Mind your language

Does a dark lantern give out light?

23 March 2019

9:00 AM

23 March 2019

9:00 AM

‘Does a dark lantern give out black light?’ asked my husband as if in delirium. He was reading a book I would have been enjoying if he hadn’t grabbed it. It is called 1776, being about London in that year, when Britain was losing its Empire of America. It’s by Justin Lovill, who ten years ago gave us an entertaining miscellany called Ringing Church Bells to Ward off Thunderstorms.

Anyway, my husband’s question concerned an incidental reference to a dark lantern, spelled lanthorn in the newspaper source quoted. It made me realise that I have never understood this apparatus. The spelling lanthorn is a piece of popular etymologising, based on lanterns almost always, before the 19th century I think, glazed with horn. Lanthorn was no semi-literate aberration, but a spelling used by respectable writers, including the co-author of the original Spectator (1711-12), Joseph Addison. Frederick Marryat, whom we always referred to as ‘Captain Marryat’, the author of The Children of the New Forest, still regarded in my young day as standard fare for children, happily used the spelling lanthorn in the 1840s.

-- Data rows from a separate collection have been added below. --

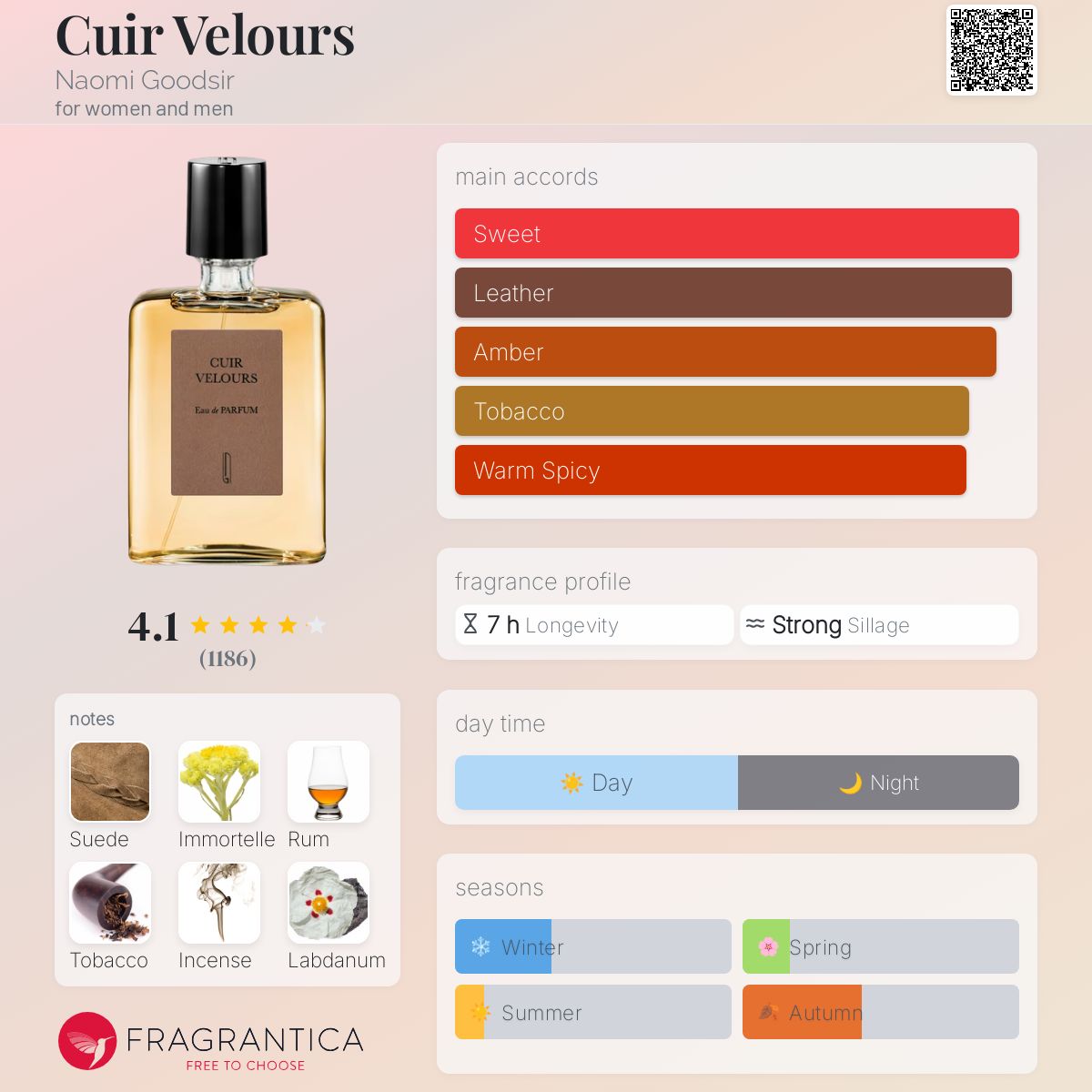 Cuir Velours Naomi Goodsir Unisex Decant Samples - Decant Sample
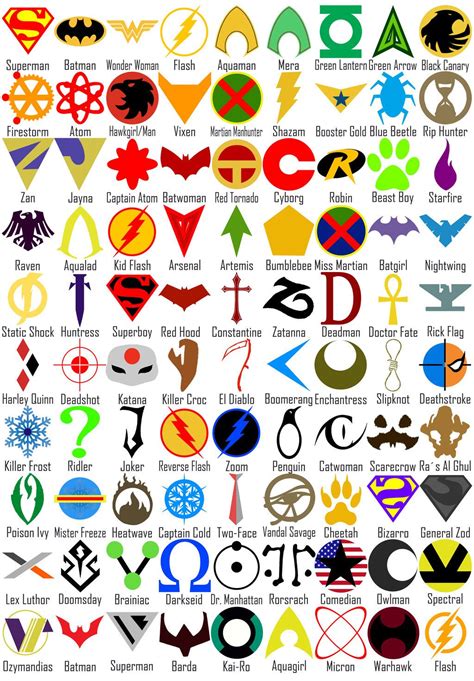 DC Comics Symbols by Natan-Ferri | Mera dc comics, Dc comics art, Dc comics wallpaper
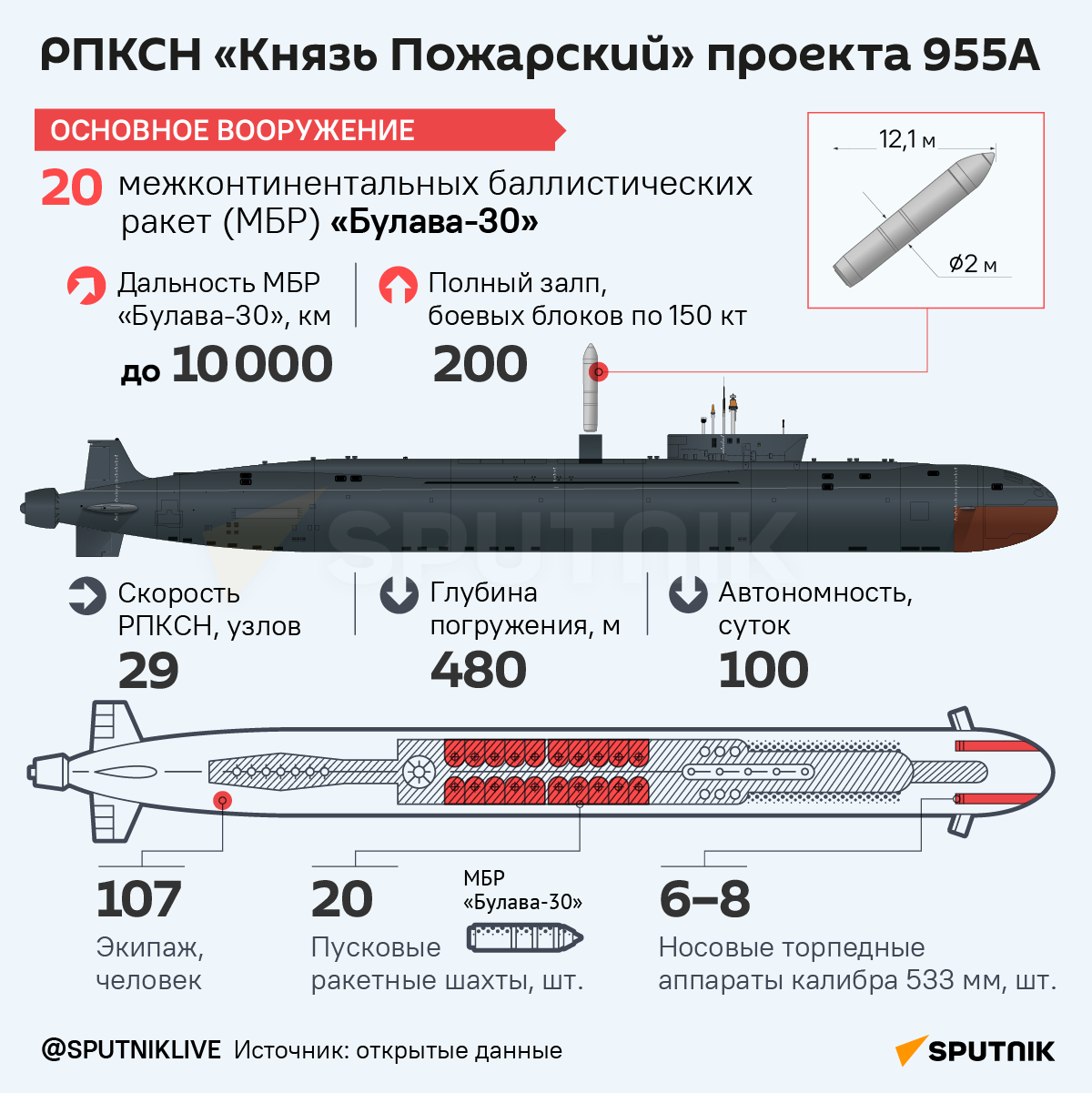 РПКСН Князь Пожарский проекта 955А - Sputnik Молдова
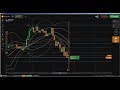 📏 Fibonacci: fibonacci trading, fibonacci trading strategy, how to use f...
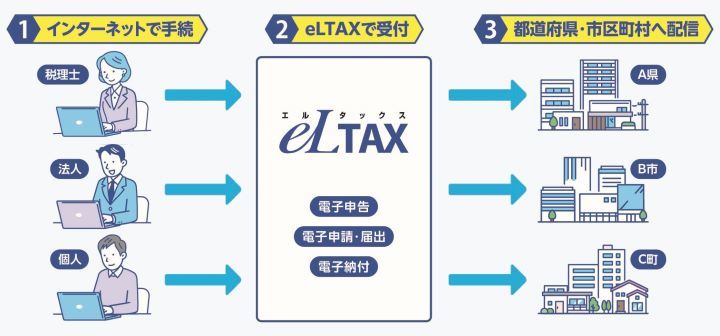 eLTAX(エルタックス)利用の概要図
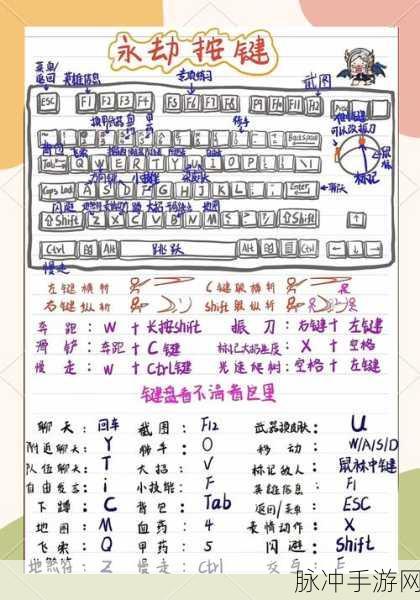 深入剖析永劫无间亲密度计算机制,解锁关系提升的终极秘籍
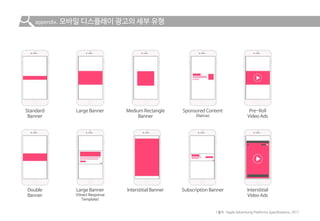 appendix. 모바일 디스플레이 광고의 세부 유형
* 출처 : Apple Advertising Platforms Specifications, 2017
Standard
Banner
Large Banner Medium Rectangle
Banner
Sponsored Content
(Native)
Pre-Roll
Video Ads
Double
Banner
Large Banner
(Direct Response
Template)
Interstitial Banner Subscription Banner Interstitial
Video Ads
 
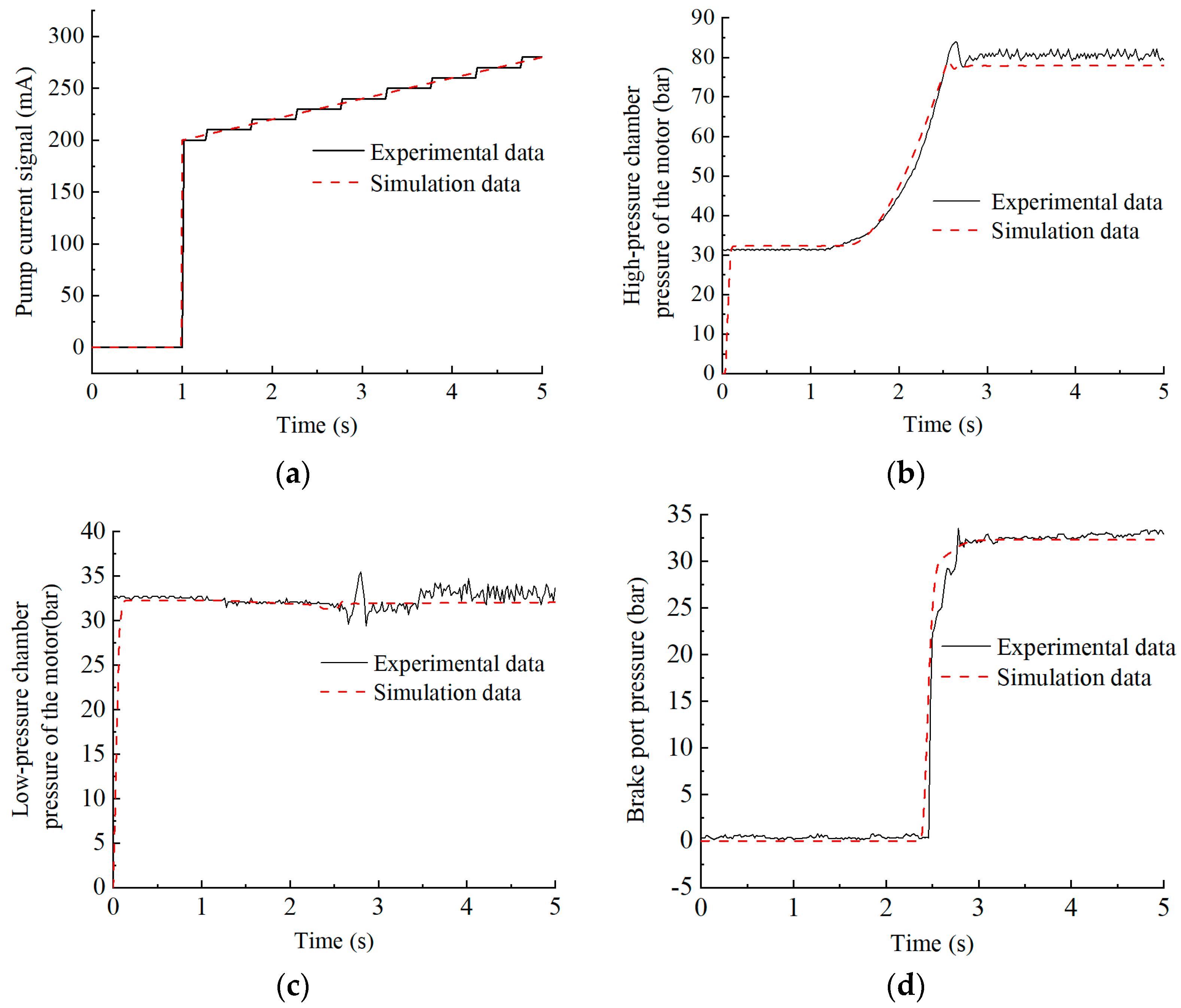 Machines 13 00106 g023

Like lamp, lantern comes from lampein, the ancient Greek for ‘shine’. (I’ve mentioned before the 16th-century German Protestant Johannes Oecolampadius, who adopted a learned Greek version of his original name Hussgen or Hausschein.) The historical process that produced the Latin lanterna from lampein was by the derivative noun lamper acquiring the suffix of the Latin lucerna (‘a lamp’, implicitly a clay oil-lamp).

A dark lantern is simply one that is light-proof except for a shutter that can be slid open to shine a beam. While we’re at it, I was also in some confusion about muffled oars. Could the blades be wrapped to stop the sound of splashing? No, I find that the part which sits in the rowlocks is muffled. That part is called by some the loom, though others mean by loom the whole shaft, while Captain Marryat limits it to the part inboard and William Falconer, whose long poem The Shipwreck (amplified in 1764) is accompanied by a detailed diagram of a ship and its rigging, means by loom only the handle of an oar. It seems the lantern of technical language can be dark indeed.